As there is no normal. Normal is a group in the middle that we are most used to but to others, they are more alien than the outliers. If an intelligent alien landed on Earth and had to pick a person to speak with, it’s hard to believe he (or she) would choose the average Joe. It would probably look for something special able to relate to its much more advanced mind – able to mold around its sophisticated thinking quickly. The so-called normal person’s mind might be too ossified to adapt quickly enough.
The world changes quickly now and age-old norms are being crushed with stunning speed.
Maybe the challenges of the future need the incredible uniqueness or diversity of those today labeled mentally handicapped to deal with the challenges of the future.

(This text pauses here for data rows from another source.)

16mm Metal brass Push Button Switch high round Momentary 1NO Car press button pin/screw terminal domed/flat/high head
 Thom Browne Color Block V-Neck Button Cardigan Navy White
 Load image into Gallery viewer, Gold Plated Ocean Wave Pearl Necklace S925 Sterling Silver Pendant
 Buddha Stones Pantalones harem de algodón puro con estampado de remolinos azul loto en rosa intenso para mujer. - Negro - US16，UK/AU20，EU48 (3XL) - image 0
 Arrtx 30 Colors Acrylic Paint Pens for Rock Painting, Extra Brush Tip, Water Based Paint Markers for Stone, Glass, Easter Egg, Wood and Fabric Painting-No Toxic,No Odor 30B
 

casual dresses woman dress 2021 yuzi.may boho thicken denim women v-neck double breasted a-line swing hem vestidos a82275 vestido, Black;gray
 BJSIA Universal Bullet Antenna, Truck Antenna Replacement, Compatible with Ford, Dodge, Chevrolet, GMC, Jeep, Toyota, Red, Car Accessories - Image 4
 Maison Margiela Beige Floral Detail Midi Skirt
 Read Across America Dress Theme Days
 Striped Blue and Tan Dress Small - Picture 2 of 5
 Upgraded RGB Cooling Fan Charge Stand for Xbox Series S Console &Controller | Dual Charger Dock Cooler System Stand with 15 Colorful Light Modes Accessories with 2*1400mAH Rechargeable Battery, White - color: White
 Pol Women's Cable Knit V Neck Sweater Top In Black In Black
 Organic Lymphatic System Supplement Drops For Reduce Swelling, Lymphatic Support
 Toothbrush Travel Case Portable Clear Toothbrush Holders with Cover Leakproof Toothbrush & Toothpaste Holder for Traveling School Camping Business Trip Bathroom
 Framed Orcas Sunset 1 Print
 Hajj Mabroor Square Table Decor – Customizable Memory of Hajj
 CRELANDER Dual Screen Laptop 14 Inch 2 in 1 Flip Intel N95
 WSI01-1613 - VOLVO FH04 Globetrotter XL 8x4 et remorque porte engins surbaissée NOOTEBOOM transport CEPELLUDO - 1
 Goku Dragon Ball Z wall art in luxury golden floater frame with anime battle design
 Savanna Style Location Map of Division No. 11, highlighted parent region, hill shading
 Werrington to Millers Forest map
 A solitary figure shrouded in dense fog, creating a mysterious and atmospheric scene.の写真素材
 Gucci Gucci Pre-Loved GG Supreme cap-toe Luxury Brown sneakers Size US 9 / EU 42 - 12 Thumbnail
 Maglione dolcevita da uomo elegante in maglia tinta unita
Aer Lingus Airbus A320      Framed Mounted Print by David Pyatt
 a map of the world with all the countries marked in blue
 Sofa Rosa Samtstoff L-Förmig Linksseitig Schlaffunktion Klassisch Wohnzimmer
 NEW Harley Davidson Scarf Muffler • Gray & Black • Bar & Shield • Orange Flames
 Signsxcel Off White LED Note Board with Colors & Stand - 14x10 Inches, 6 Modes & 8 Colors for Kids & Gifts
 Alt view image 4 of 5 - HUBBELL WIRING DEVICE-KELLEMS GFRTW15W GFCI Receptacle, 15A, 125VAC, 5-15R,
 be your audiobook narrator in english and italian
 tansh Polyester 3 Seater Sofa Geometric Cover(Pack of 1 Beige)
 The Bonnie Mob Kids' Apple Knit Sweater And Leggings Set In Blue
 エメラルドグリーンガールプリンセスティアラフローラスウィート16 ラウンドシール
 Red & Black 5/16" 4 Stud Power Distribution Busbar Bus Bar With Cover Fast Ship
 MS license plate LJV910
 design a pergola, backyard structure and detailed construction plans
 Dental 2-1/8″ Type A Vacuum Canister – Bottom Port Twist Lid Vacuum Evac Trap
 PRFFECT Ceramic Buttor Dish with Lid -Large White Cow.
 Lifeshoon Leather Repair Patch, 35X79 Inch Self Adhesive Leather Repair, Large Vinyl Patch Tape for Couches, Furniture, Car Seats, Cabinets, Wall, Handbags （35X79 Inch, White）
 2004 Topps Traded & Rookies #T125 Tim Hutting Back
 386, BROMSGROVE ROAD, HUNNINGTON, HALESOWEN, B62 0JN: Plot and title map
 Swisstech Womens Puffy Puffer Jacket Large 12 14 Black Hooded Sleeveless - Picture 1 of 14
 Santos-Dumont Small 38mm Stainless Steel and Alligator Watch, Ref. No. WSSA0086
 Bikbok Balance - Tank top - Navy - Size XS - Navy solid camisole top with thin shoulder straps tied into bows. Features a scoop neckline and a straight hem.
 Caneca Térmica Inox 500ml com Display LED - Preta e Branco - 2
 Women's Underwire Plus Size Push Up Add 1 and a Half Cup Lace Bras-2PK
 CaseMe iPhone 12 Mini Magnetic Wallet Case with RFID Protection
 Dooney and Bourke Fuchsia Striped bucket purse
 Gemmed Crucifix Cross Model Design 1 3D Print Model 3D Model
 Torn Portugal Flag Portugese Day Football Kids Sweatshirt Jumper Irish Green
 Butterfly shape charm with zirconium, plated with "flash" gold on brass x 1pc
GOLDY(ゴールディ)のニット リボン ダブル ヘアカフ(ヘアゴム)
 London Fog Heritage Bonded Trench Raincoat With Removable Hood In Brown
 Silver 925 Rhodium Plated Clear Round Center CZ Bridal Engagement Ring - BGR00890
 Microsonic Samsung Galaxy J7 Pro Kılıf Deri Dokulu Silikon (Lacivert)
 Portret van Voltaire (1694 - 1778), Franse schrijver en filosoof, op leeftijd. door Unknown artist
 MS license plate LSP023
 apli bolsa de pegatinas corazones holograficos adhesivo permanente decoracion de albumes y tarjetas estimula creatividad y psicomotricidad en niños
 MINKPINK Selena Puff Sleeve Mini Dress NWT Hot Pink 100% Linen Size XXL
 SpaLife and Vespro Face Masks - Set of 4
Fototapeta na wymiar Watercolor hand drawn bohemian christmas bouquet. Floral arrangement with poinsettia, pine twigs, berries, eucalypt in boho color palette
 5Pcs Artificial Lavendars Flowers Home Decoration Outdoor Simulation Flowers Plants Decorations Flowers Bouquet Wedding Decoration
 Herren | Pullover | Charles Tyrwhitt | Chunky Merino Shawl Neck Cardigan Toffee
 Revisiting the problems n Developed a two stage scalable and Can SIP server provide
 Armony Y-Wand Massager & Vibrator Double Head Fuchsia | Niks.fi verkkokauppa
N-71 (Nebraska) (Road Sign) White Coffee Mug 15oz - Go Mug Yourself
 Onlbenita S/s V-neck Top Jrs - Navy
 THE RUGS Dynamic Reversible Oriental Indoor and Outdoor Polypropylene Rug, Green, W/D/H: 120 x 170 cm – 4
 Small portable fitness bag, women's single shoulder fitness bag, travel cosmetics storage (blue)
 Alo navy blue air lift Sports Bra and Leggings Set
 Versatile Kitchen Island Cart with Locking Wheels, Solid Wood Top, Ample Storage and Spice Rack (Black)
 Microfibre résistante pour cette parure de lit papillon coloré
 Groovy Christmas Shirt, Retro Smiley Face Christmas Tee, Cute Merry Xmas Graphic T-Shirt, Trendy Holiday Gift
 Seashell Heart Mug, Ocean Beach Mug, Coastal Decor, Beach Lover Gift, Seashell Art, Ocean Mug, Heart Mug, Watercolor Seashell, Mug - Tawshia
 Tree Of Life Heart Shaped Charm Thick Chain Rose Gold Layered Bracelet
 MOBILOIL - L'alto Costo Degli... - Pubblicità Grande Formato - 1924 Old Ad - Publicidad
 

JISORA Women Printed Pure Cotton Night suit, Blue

Some only need our help and we owe it to ourselves and to them to give them the best we have to make their lives worthwhile, not just some dump called the school for the mentally handicapped. And the others are mixed bags full of nuts, raisins, dried fruits, and some other stuff that makes life rich and rewarding.
Let’s stop looking at pupils and start to look at them for the individuals they are. We need them.
Herr Huber,
My paternal grandfather was State Com’r for Mental Health in a small, somewhat backwards state in the US, circa 1960. When he took the helm, he was dealing with a large prison population, chained naked to the walls and hosed off daily as part of their regimen.
Among many other changes, he installed a traffic signal in the State School square, so the wards could learn to cross the road, when traffic was stopped with the signal. He believed that even the most profoundly mentally disabled had some capacity to learn. It was one of his many successes.
Today, many jurisdictions deal with ‘different’ people by medicating them or simply buying them a bus ticket to another state. We call this progress?
Dear Mr. Jackson, your grandfather saw the potential in people, however, hopeless it might sometimes seem to outsiders. The quality of a society can be seen on its treatment of those that need help and who better to look at than those handicapped? In Austria it’s not very different from the US. The public administration offers all kinds of institutions that will drug the kids so they are not a burden anymore. For me, that’s a bit like a very slow murder as their personalities are erased very slowly. And many parents tag along as they don’t want to take the burden themselves. But I also meet those that have devoted their entire lives to their challenged children and they ensure that my faith in humanity rests intact.